*** Opening of PROVIDED DATA ***

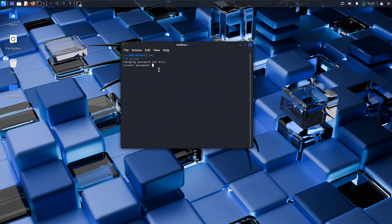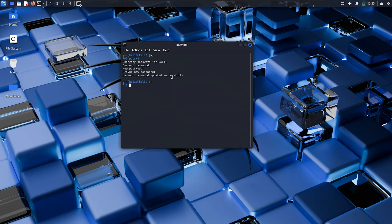And now you need to choose your new password. So here we go, the password is updated successfully.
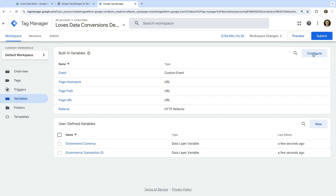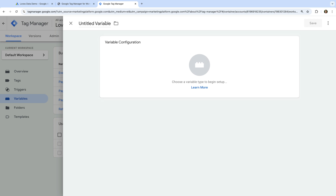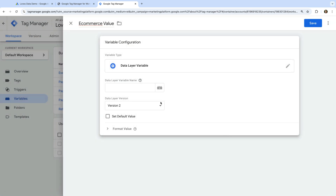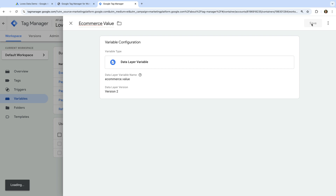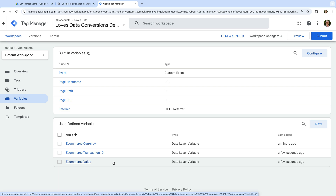Now let's create one more variable. Let's click New and name the variable ecommerce value. Now let's select Variable Configuration and choose Data Layer Variable as the type. Let's enter ecommerce.value as the data layer variable name. And let's save the variable. We've now created three variables that will capture the currency, transaction ID, and value from the data layer. So the next step is to create our Google Ads conversion tag.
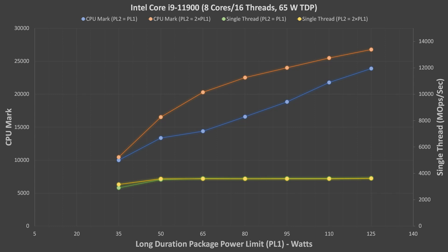Lastly for Intel, here is the i9-11900. The Rocket Lake i9 is almost identical to the i7, but with higher boost frequencies. Oddly, its performance didn't match up very closely with the i7 though. The i9 performed better at the higher power levels, but worse than the i7 at lower power levels. The single-threaded performance was a little better here though, and like the i7, it dropped a bit at 35W. The Rocket Lake i9 is clearly not very well optimized for 35W, and it really only makes any sense to use at the much higher power levels.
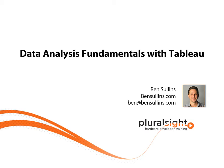Hi, this is Ben Sullins, and today I'm going to preview for you my new course on Data Analysis Fundamentals with Tableau.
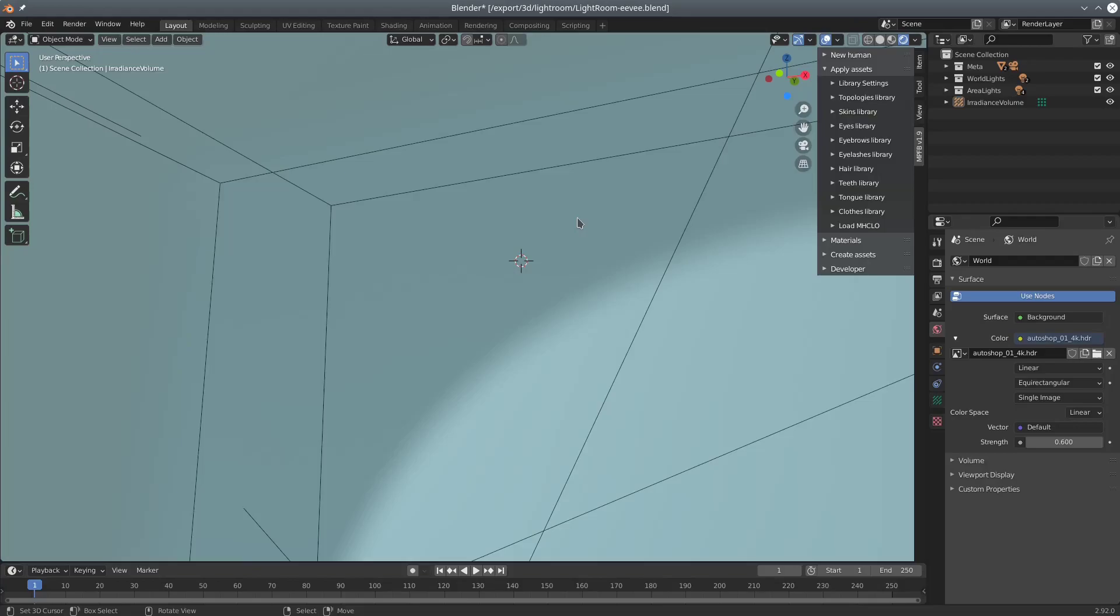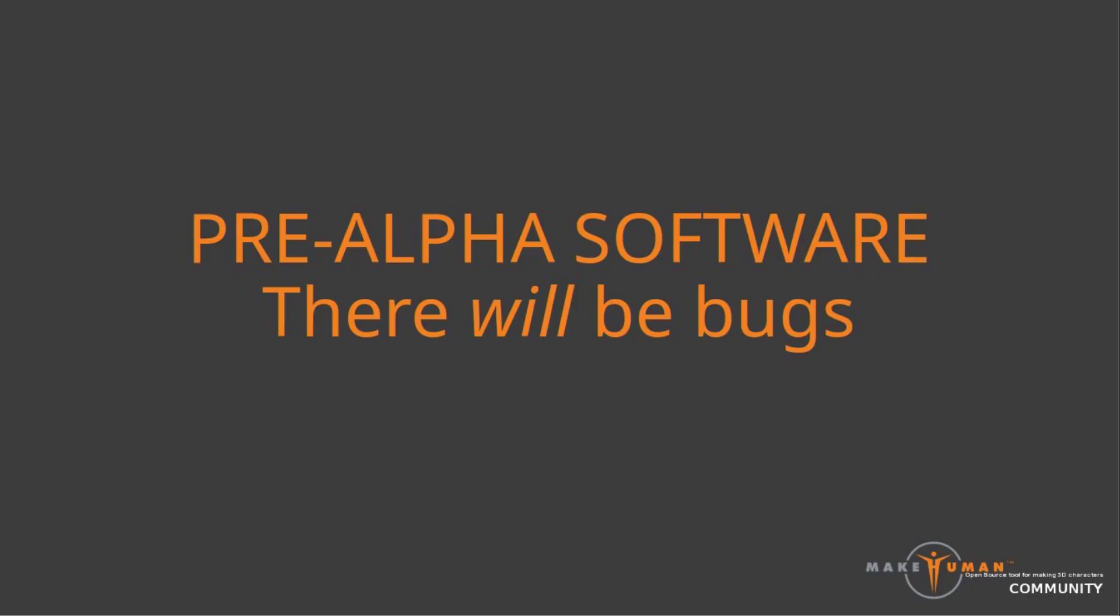Hi, and welcome to this short demonstration of the Asset Library in the upcoming version of MPFB2. The functionality you see here is available for download, and you should be able to find a link in the description of the video. However, please be aware that this is a demonstration of pre-alpha software. There will be bugs.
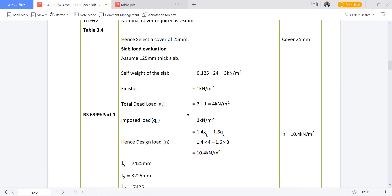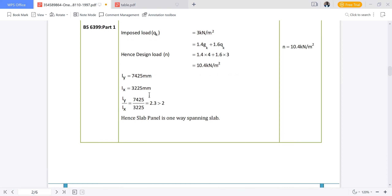Design load is given by 1.4 × dead load + 1.6 × imposed load = 1.4 × 4 + 1.6 × 3 = 10.4 kN/m². Now, Ly = 7,425 mm and Lx = 3,225 mm. The ratio Ly/Lx = 7,425 / 3,225 = 2.3, which is greater than 2. Therefore we can confirm the slab panel is a one-way spanning slab.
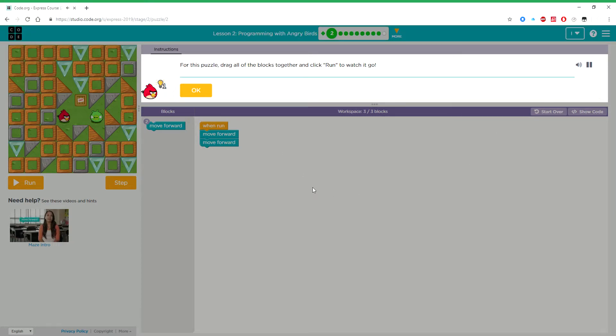For this puzzle, drag all of the blocks together and click run to watch it go.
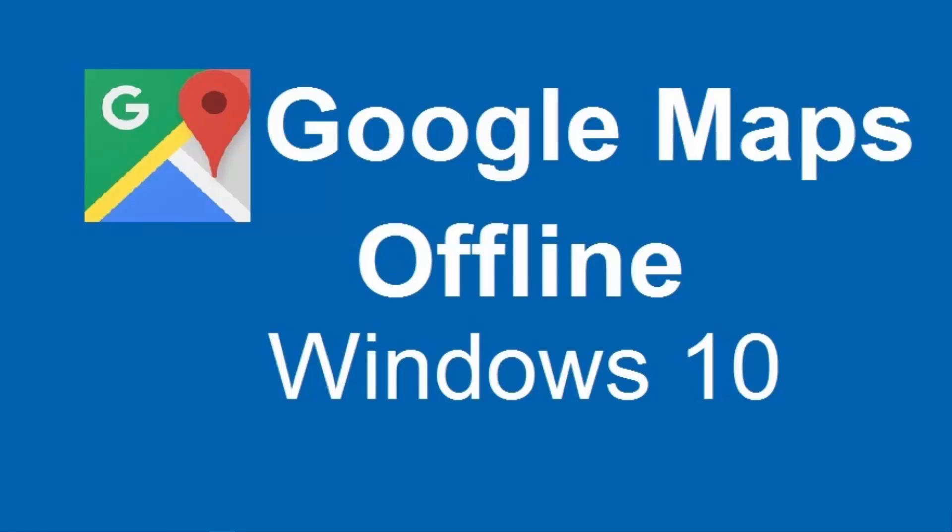Hello guys, today I'm going to show you how to download Google Maps for offline use in Windows 10.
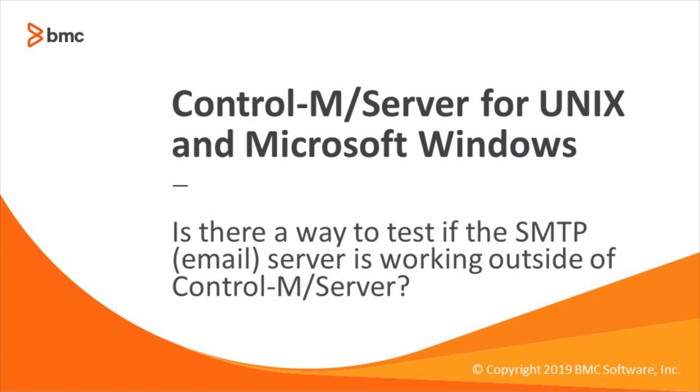Welcome to support videos for Workload Automation video series. This video will demonstrate how to verify if the SMTP server is working outside of Control-M.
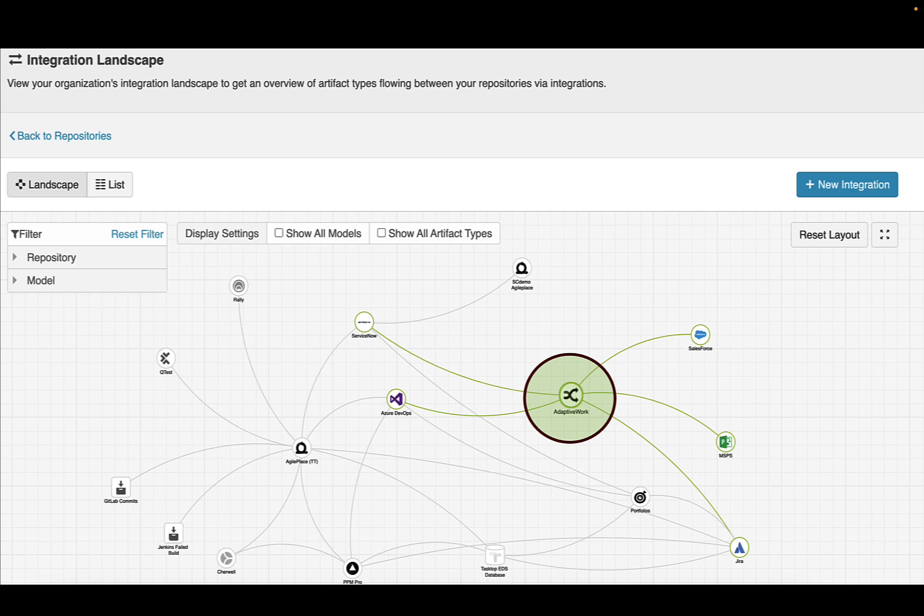With AdaptiveWork, you can improve the management of project scope and cost through your organization and supply chain.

*** Close of PROVIDED DATA ***

- WHAT YOU ARE ASKED TO DO: Repeat verbatim the lines between the start of the data and the line containing "Now let's create", both ends included, omitting all pictures.

- WORKED SOLUTION:
And now you need to choose your new password. So here we go, the password is updated successfully.
Now let's create one more variable. Let's click New and name the variable ecommerce value. Now let's select Variable Configuration and choose Data Layer Variable as the type. Let's enter ecommerce.value as the data layer variable name. And let's save the variable. We've now created three variables that will capture the currency, transaction ID, and value from the data layer. So the next step is to create our Google Ads conversion tag.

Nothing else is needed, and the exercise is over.